Learn how the Morgan ruling protects pro se litigants who use AI in litigation and what it means for lawyers using third-party AI tools in civil cases.

Almost daily, judges issue rulings on AI tools in litigation. Many of these orders are warnings on the negligent use of AI in motion practice. Then there are the gems like Morgan v. V2X, Inc., that truly stand out for access to justice.
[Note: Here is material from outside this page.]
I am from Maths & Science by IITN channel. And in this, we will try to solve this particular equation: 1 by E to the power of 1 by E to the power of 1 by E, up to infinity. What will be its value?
There has been much written about the criminal case of United States v. Heppner, where a Federal Court in New York held that there was no work product protection for a criminal defendant who did his own legal analysis with an AI application because his lawyer was not involved in the use of the AI tool. The Morgan case stands in opposition to the Heppner decision, because in a civil lawsuit, the work product doctrine codified in the Federal Rules of Civil Procedure applies to PARTIES, not just the attorneys. A pro se litigant representing themselves has the right to claim their use of an AI tool is protected by the work product doctrine. That means lawyers' use of AI is, too.

The Case History

Magistrate Judge Maritza Dominguez Braswell entered the AI-in-litigation debate by ordering a pro se litigant in an employment case to disclose which AI tools they had used. Here is the ruling: the work product doctrine under Federal Rule of Civil Procedure 26(b)(3) protects the use of an AI application by a pro se litigant, but the pro se litigant had to disclose the name of the AI application they used on confidential information subject to a protective order. Morgan v. V2X, Inc., Civil Action No. 25-cv-01991-SKC-MDB, 2026 U.S. Dist. LEXIS 67939, at *1 (D. Colo. Mar. 30, 2026).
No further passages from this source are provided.